プライム=ラ=アルシェイドは対魔騎士団の全騎を薄く横列に並べた。


それは儀式魔術の余波を浴びぬようにという配慮からであったが、彼女はそもそも用意した罠がそれほど有効に働くとは信じていない。


(まさかリーゼロッテ=ブラウンが敵に回るなんてね。それに久遠アリシア。…まーったく、厄日ったらないわ!)


リーゼロッテの魔術師としての実力は自分に匹敵するレベルであり、アリシアに至っては対魔騎士団では誰も止められないと覚悟している。


プライムは地平の彼方に整列してこちらと向き合うワイバーン隊の動きにのみ注意を払っていた。

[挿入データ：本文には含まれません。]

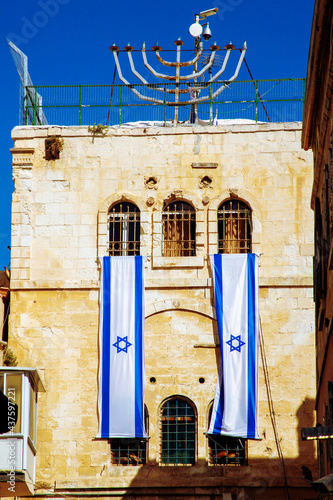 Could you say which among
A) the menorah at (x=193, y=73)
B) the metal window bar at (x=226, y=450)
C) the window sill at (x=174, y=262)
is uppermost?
the menorah at (x=193, y=73)

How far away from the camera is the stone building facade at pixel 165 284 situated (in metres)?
27.1

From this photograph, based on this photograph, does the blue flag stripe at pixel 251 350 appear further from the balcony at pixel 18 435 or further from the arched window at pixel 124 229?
the balcony at pixel 18 435

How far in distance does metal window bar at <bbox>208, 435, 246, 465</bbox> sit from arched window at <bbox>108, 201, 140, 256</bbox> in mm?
5339

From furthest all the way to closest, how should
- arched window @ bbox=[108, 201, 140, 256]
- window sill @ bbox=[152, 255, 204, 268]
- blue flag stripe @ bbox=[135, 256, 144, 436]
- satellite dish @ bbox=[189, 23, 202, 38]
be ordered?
satellite dish @ bbox=[189, 23, 202, 38] < arched window @ bbox=[108, 201, 140, 256] < window sill @ bbox=[152, 255, 204, 268] < blue flag stripe @ bbox=[135, 256, 144, 436]

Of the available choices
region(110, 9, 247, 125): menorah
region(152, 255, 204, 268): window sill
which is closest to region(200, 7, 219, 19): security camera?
region(110, 9, 247, 125): menorah

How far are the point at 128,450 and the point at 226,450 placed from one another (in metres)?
2.46

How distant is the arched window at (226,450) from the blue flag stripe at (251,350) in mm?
552

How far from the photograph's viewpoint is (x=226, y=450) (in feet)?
89.6

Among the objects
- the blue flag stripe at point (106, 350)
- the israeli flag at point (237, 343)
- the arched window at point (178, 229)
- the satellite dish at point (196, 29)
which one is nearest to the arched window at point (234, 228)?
the israeli flag at point (237, 343)

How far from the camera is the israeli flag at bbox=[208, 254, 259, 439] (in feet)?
89.0

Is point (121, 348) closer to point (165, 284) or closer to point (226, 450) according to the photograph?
point (165, 284)

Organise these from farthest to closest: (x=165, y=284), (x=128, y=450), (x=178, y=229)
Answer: (x=178, y=229) < (x=165, y=284) < (x=128, y=450)

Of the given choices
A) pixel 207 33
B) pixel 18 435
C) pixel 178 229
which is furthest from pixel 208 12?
pixel 18 435

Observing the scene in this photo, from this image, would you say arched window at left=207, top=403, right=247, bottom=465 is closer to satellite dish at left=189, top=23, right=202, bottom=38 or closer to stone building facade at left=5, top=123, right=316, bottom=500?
stone building facade at left=5, top=123, right=316, bottom=500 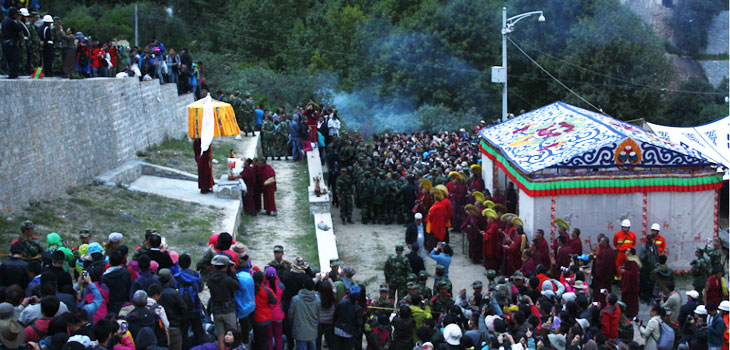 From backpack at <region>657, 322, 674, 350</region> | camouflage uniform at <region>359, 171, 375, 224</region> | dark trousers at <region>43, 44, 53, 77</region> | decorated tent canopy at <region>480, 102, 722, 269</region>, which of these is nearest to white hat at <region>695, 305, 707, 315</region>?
backpack at <region>657, 322, 674, 350</region>

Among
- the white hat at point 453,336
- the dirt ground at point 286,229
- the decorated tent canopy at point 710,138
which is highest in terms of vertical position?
Result: the decorated tent canopy at point 710,138

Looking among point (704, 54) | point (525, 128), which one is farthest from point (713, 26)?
point (525, 128)

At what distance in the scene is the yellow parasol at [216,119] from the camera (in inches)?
717

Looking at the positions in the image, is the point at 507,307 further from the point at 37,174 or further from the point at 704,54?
the point at 704,54

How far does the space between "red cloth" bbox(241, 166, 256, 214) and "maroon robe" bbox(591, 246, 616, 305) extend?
786 centimetres

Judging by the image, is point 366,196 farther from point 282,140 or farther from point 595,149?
point 282,140

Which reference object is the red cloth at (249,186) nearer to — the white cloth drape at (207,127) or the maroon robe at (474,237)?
the white cloth drape at (207,127)

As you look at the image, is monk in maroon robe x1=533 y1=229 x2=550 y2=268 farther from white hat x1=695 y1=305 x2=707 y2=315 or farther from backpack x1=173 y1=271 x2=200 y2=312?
backpack x1=173 y1=271 x2=200 y2=312

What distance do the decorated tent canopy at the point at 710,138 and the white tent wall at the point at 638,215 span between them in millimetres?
4252

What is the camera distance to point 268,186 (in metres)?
18.8

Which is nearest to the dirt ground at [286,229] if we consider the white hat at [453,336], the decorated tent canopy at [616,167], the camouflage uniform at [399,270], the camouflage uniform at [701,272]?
the camouflage uniform at [399,270]

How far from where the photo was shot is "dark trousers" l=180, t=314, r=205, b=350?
9.56 metres

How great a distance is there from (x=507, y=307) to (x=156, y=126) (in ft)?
53.1

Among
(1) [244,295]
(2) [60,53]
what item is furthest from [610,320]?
(2) [60,53]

気を揉んでいるのは、仕込んである魔術の起動タイミングである。


彼女に課された使命は二つ。


倒せるのものなら、紅煉騎士団を撃退する。


それが無理であれば、ラインベルクと友軍が到着するまでの時間を稼ぐ。


現有の戦力では、そのどちらも難しかろうとプライムは分析するも、弱音を吐く暇も無ければ相談する相手もいなかった。


敵に動き有り。


報告を受けずとも、プライムは自身の遠視の魔術でワイバーン隊の始動を確認している。


真っ直ぐに向かってくるようであり、それでいて速度と進路にバラつきがあった。


プライムならずとも、その行動から何かを誘い出そうする空気が読める。


乗ってやろうじゃないのとプライムは負けん気を前面に出し、魔術師たちに詠唱を始めさせた。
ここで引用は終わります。